The Spurgin family of North Carolina experienced the cataclysm of the American Revolution in the most dramatic ways―and from different sides. This engrossing book tells the story of Jane Welborn Spurgin, a patriot who welcomed General Nathanael Greene to her home and aided Continental forces while her loyalist husband was fighting for the king as an officer in the Tory militia. By focusing on the wife of a middling backcountry farmer, esteemed historian Cynthia Kierner shows how the Revolution not only toppled long-established political hierarchies but also strained family ties and drew women into the public sphere to claim both citizenship and rights―as Jane Spurgin did with a dramatic series of petitions to the North Carolina state legislature when she fought to reclaim her family’s lost property after the war was over.
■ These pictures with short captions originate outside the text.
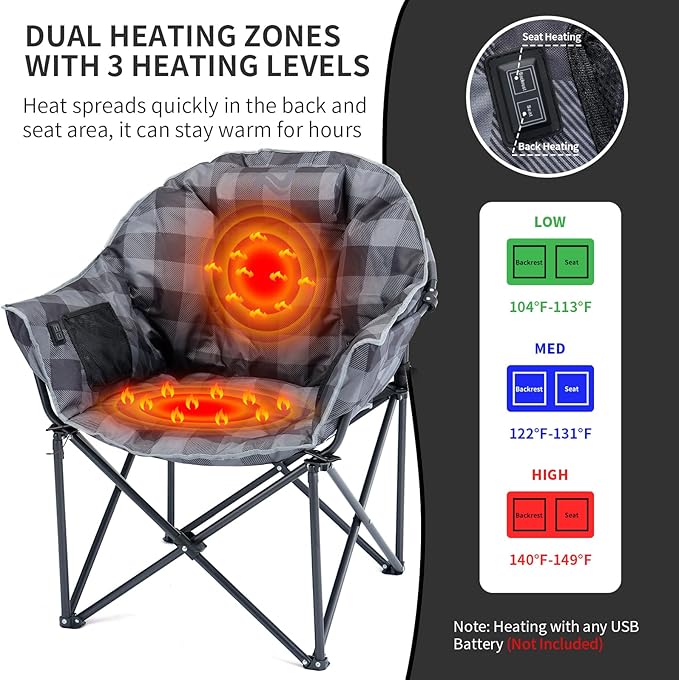 Oversized Heated Camping Chair, 3 Heating Levels Portable Folding Camp Chairs with Pillow and Storage Bag, Outdoor Heated Moon Chair for Camping Lawn Patio Beach and Picnics, Gray Grid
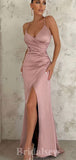 Dusty Pink New Simple Spaghetti Straps Long Mermaid Elegant Party Evening Prom Dresses PD948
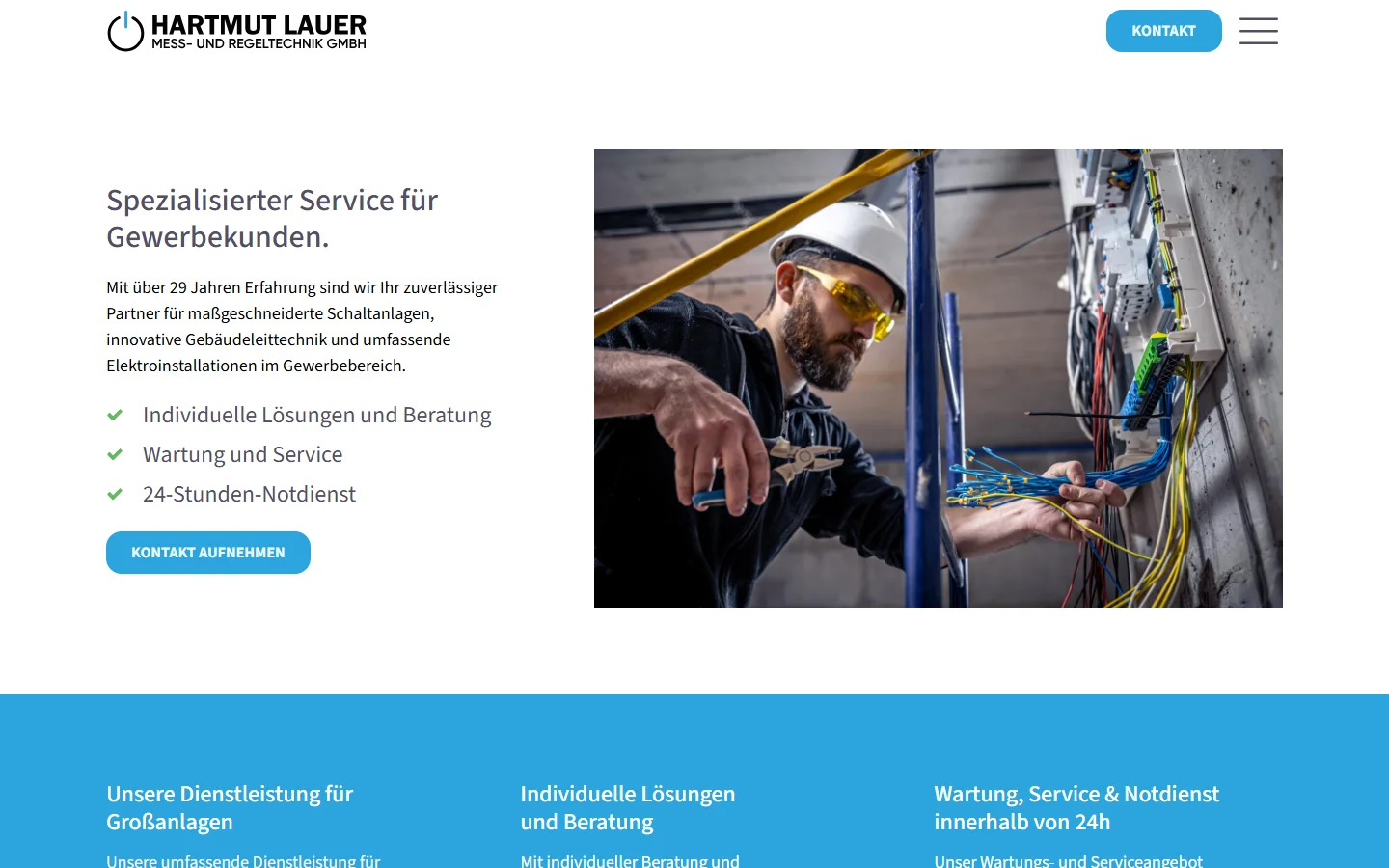 Website von Hartmut Lauer Meß- und Regeltechnik GmbH – Desktopansicht: Spezialisierter Service für Gewerbekunden.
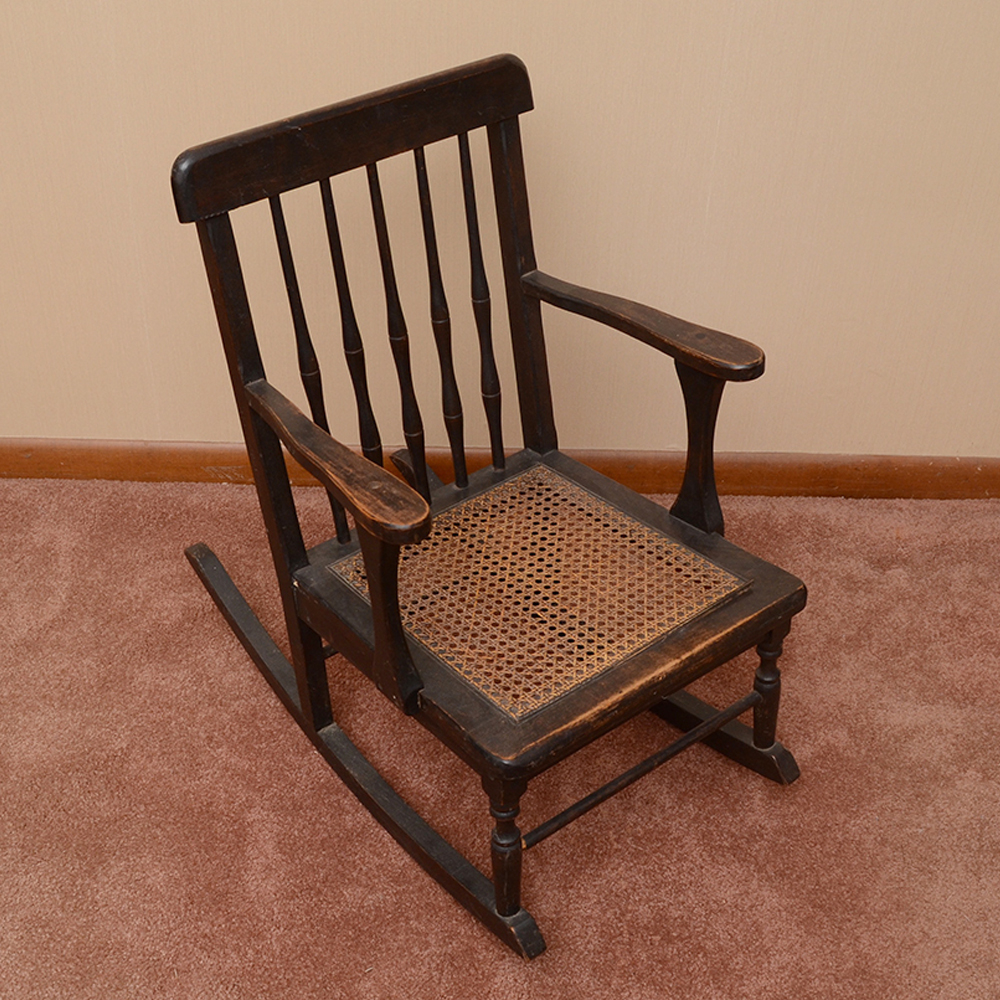 Antique Child Sized Rocking Chair With Cane Seat
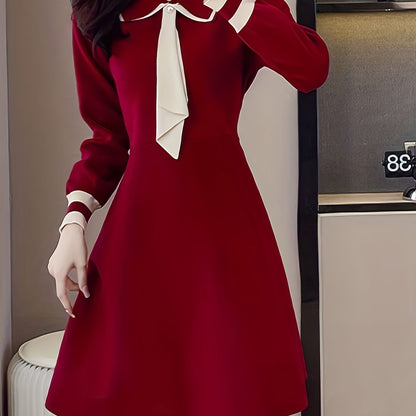 Antmvs Tie Neck A Line Dress, Elegant Long Sleeve Midi Dress, Women's Clothing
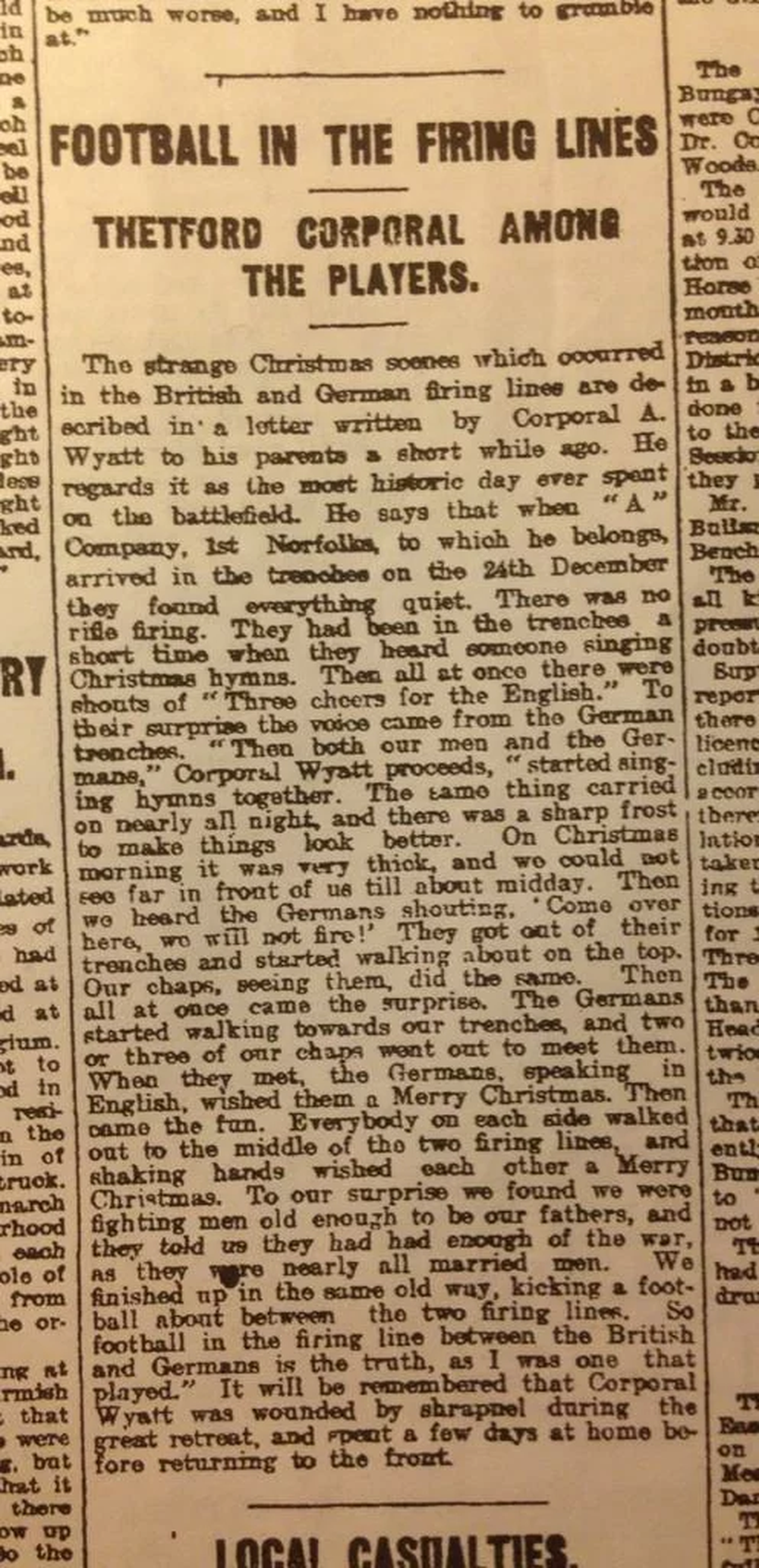 Un art&iacute;culo de prensa de 1914 reporta los partidos de f&uacute;tbol disputados durante la Navidad de 1914.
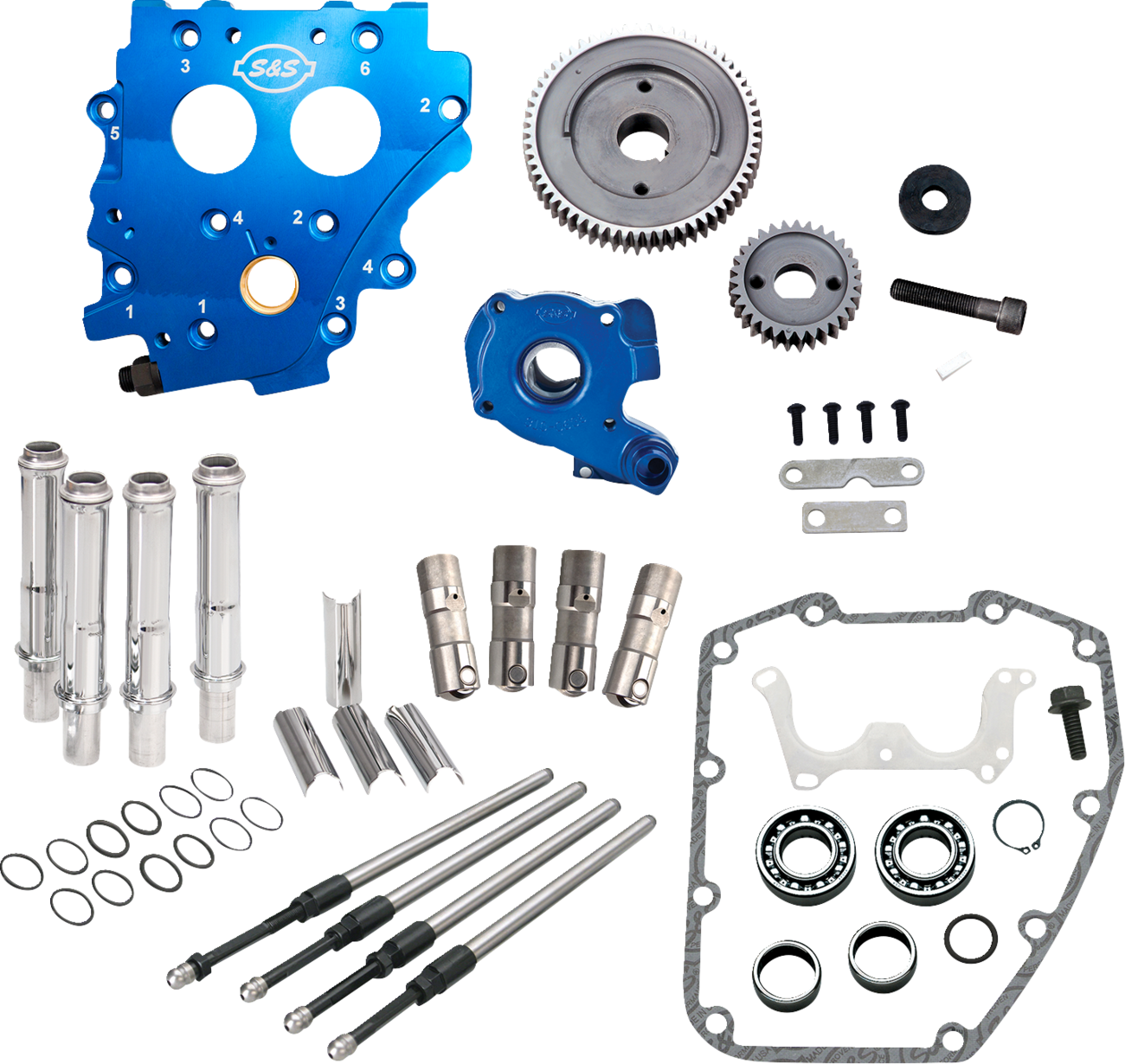 S&S CYCLE Cam Chest Kit without Cams - Gear Drive - Oil Cooled - Chrome Pushrods - Twin Cam 310-1267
While providing readers with stories of battles, horse-stealing, bigamy, and exile that bring the Revolutionary era vividly to life, this book also serves as an invaluable examination of the potentially transformative effects of war and revolution, both personally and politically.

 

About the Author

Cynthia A. Kierner is a professor of history at George Mason University and a specialist in the fields of early America, women and gender, and early southern history.

She is the author of Martha Jefferson Randolph, Daughter of Monticello: Her Life and Times (a finalist for the 2013 George Washington Book Prize); Scandal at Bizarre: Rumor and Reputation in Jefferson’s America, and Inventing Disaster: The Culture of Calamity from the Jamestown Colony to the Johnstown Flood.

Kierner is an OAH Distinguished Lecturer and past president of the Southern Association for Women Historians (SAWH), and she has served on several editorial boards. Her research has received support from the American Historical Association, the Virginia Historical Society, the Library Company of Philadelphia, the American Antiquarian Society, and the National Endowment for the Humanities. Dr. Kierner worked on The Tory's Wife as a member of the Washington Library's 2020-21 class or research fellows.